Required action: Return the material below exactly, but only from the line with "[잡담] 오리야 토끼야 하나만 해 | 인스티즈" through the line with "Colorado Hay Directory", and without its pictures.

Records supplied:
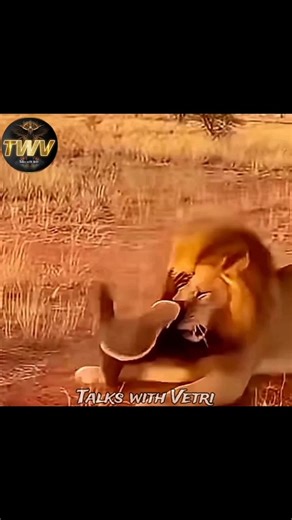 Honey Badger Facts That Will Blow Your Mind 😱 | Talks with Vetri | #history #shortfeed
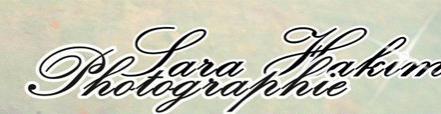 this font pllz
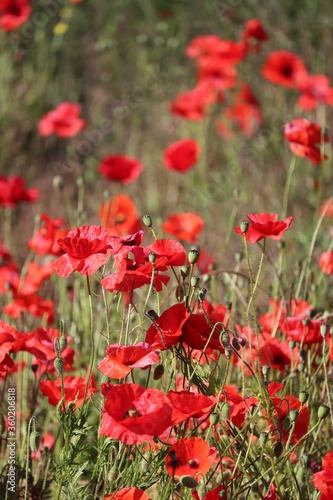 Brilliant bright red poppy blooms in a field blowing in the summer sunshine 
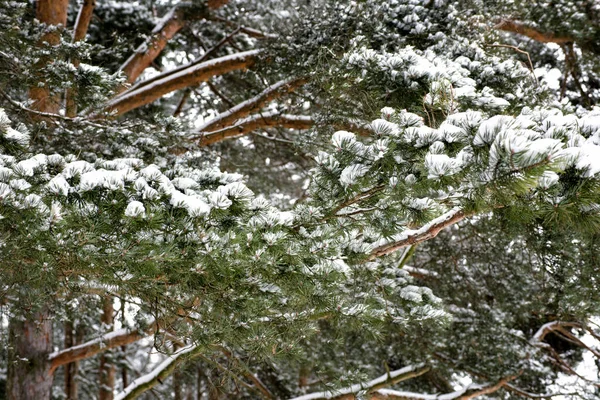 Ramo Pinho Verde Festivo Neve Branca — Fotografia de Stock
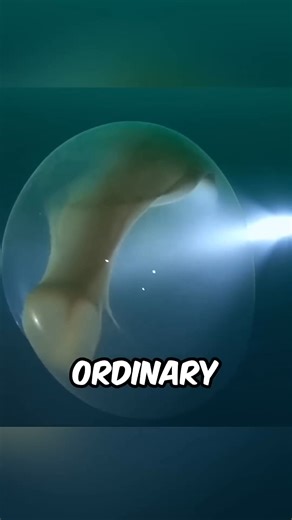 131K views · 2.2K reactions | scary creatures found in the ocean! #DeepSeaHorrors #OceanNightmares #SeaCreatures #CreepyOceanVibes #WhatLurksBelow #MarineMonsters #AbyssalTerrors #ScarySeaLife #DeepSeaCreeps #OceanFears | FactPaw | Facebook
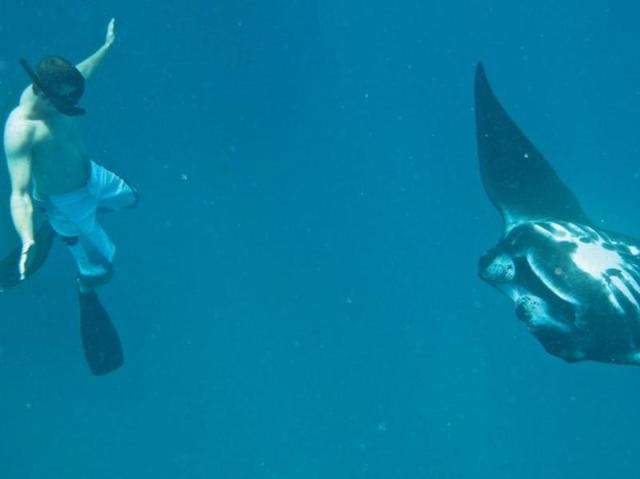 Ono island: Leave your tanks and dive regulators behind at this snorkel-only site just off northeast Kadavu. This is a place to swim with manta rays, which come in from the ocean each morning for a bit of a brush up at this cleaning station on a shallow reef.   (Instagram) 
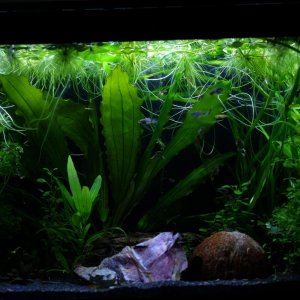 botanical hidey holes and natural decor.JPG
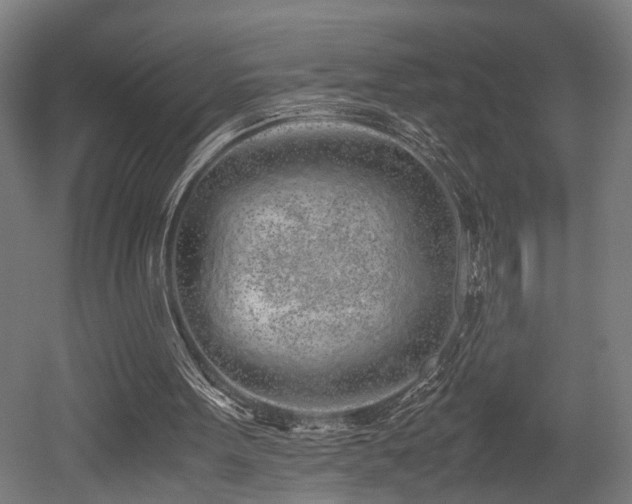 X0000052600099200507011207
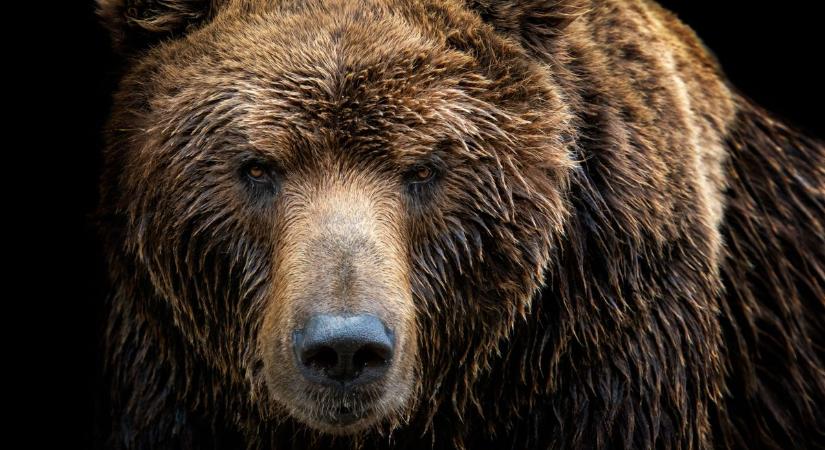 Nyugtalanító: egyre több a medvetámadás a közvetlen szomszédunkban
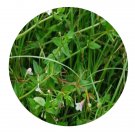 DwarfGiantFarm 200Pcs A Set Lindernia anagallis Seed Prodgf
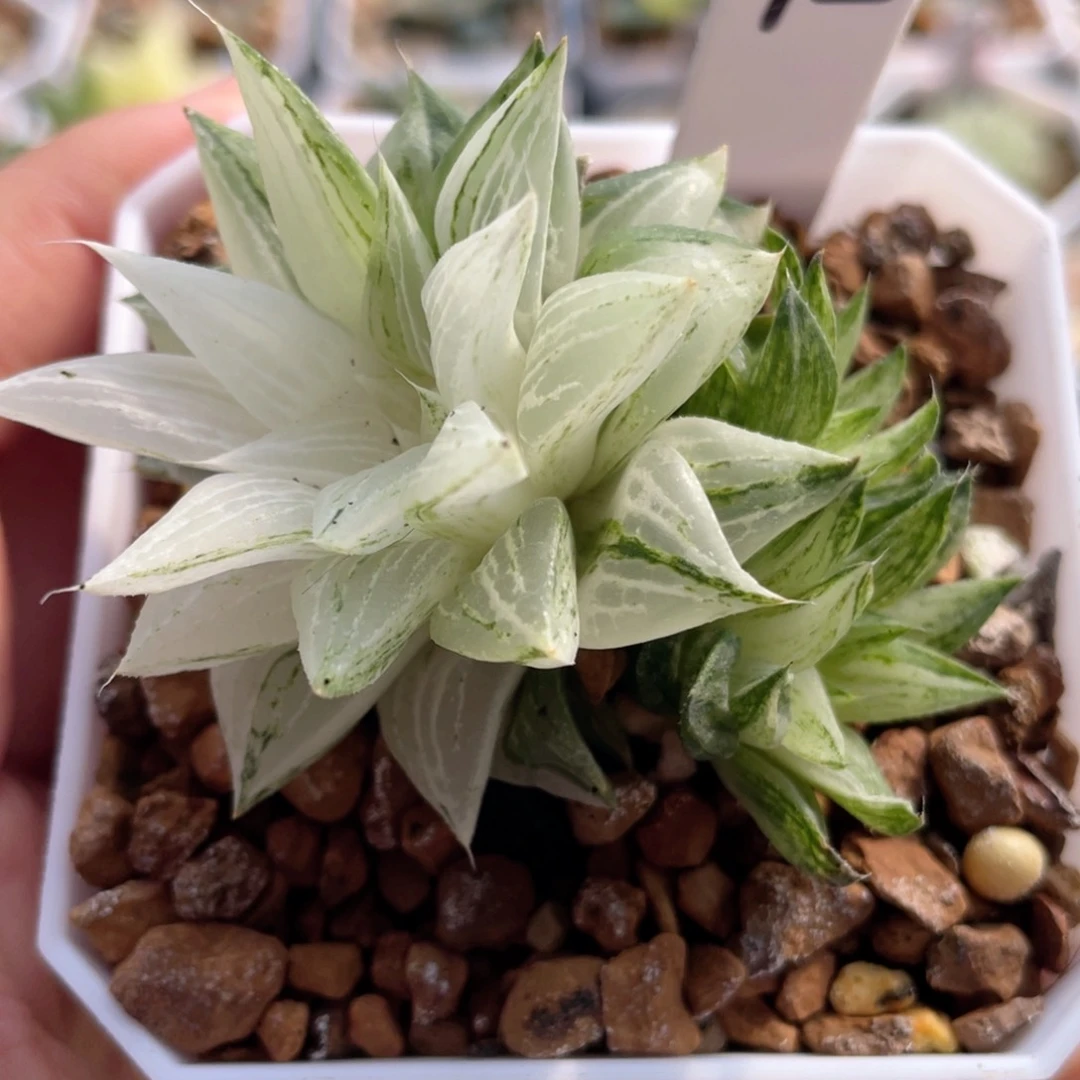 72。      元祖冰沙糖锦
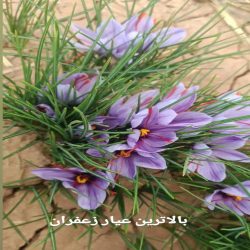 زعفران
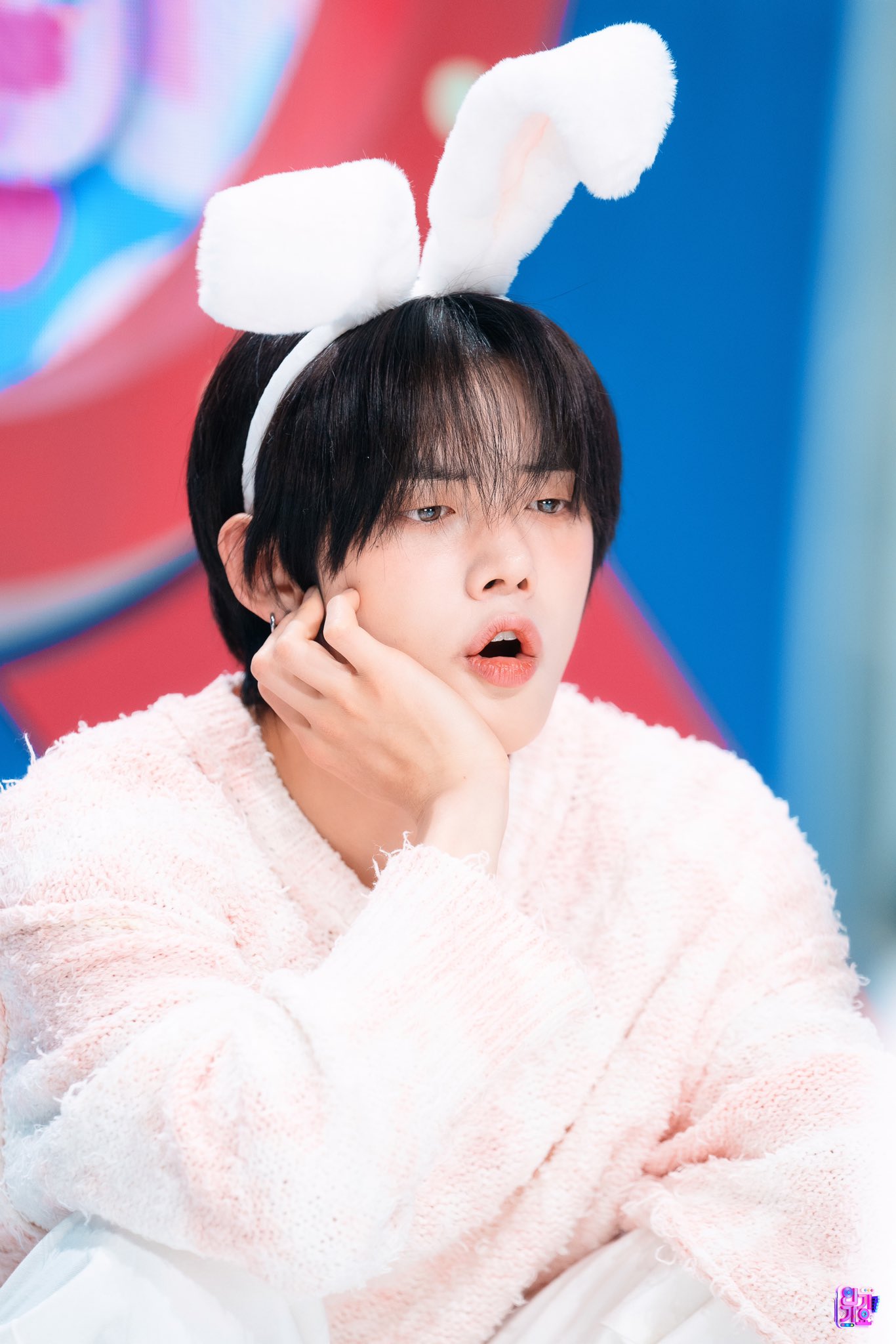 [잡담] 오리야 토끼야 하나만 해 | 인스티즈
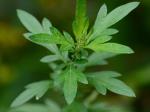 Artemisia vulgaris L. 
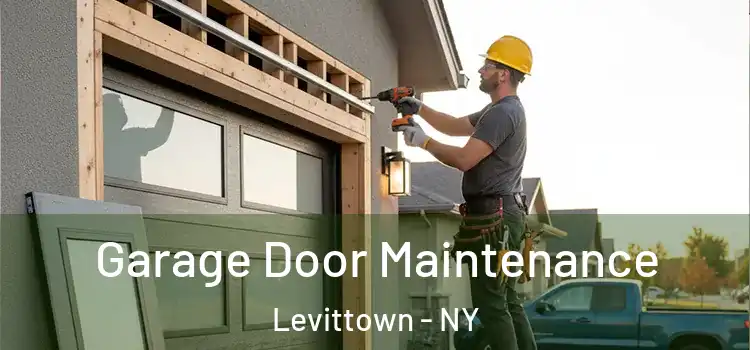 Garage Door Maintenance Levittown - NY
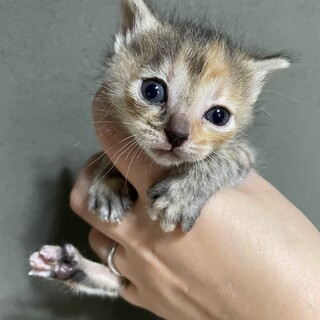 【兄弟猫】サビちゃん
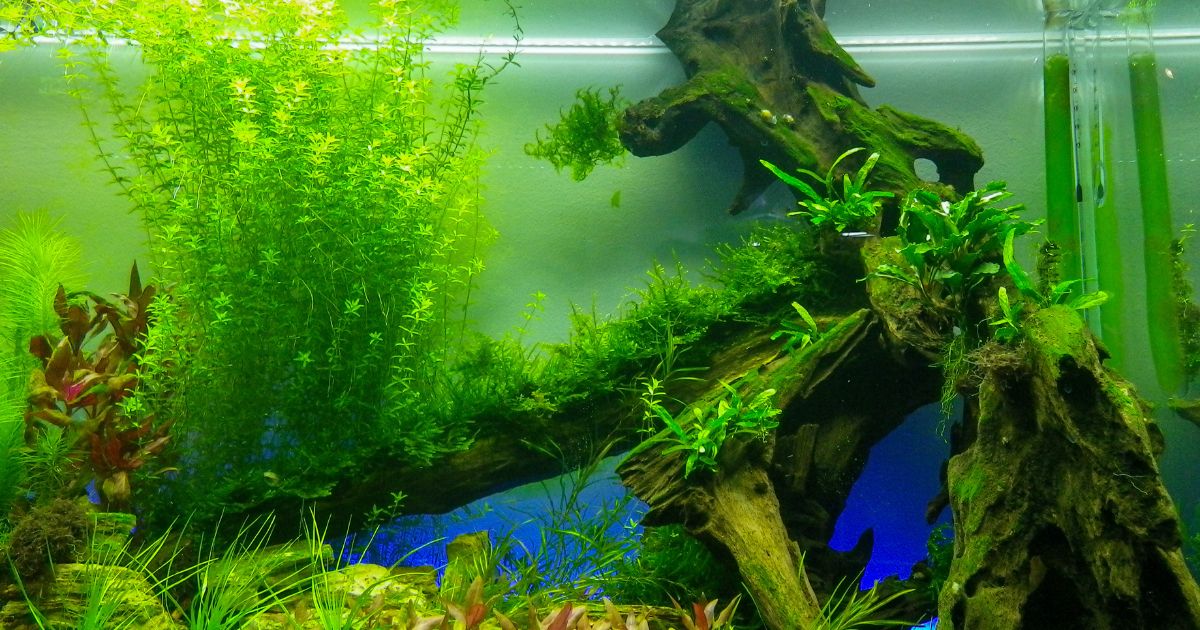 Hemianthus glomeratus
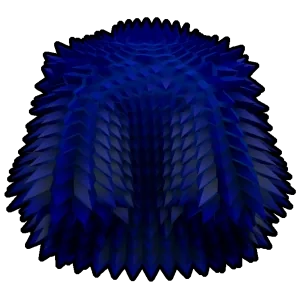 Blue Spikey Coat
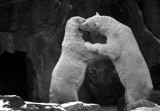 polar bear dance 2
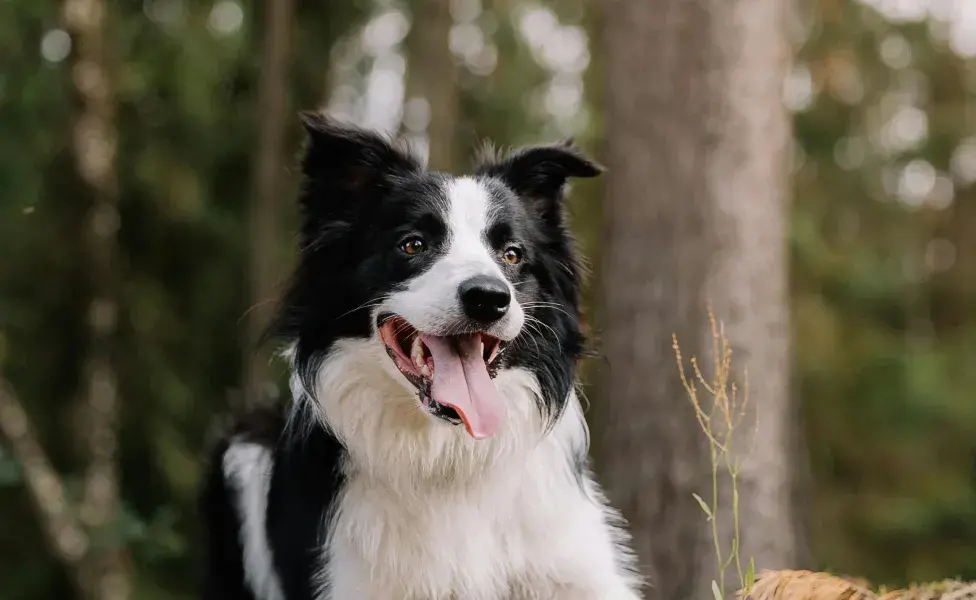 A los Border Collie les encanta correr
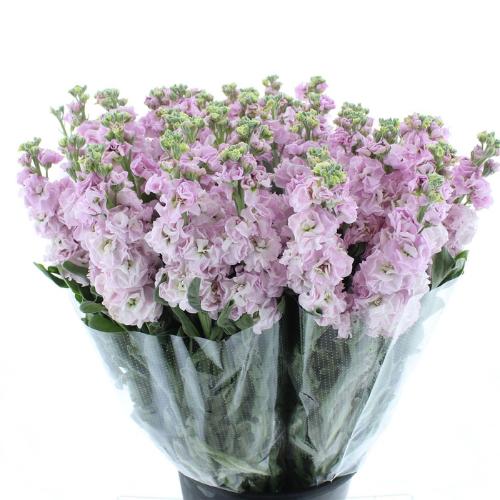 Matthiola incana 'Iron Cherry Blossom'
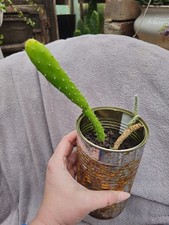 Opuntia Cactus (Prickly Pear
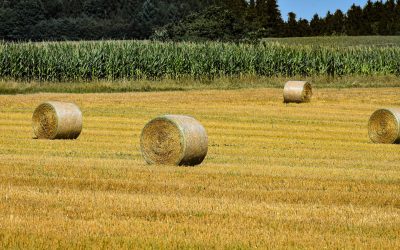 Colorado Hay Directory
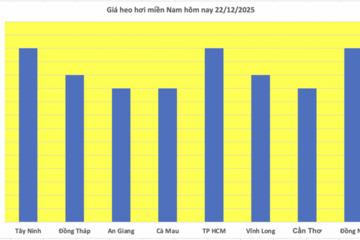 Giá heo hơi hôm nay 22/12/2025: Tiếp đà tăng, đạt đỉnh mới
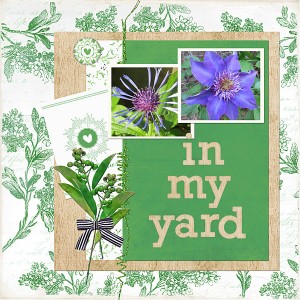 May2017 Inspiration Chal_web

Solution:
 [잡담] 오리야 토끼야 하나만 해 | 인스티즈
 Artemisia vulgaris L. 
 Garage Door Maintenance Levittown - NY
 【兄弟猫】サビちゃん
 Hemianthus glomeratus
 Blue Spikey Coat
 polar bear dance 2
 A los Border Collie les encanta correr
 Matthiola incana 'Iron Cherry Blossom'
 Opuntia Cactus (Prickly Pear
 Colorado Hay Directory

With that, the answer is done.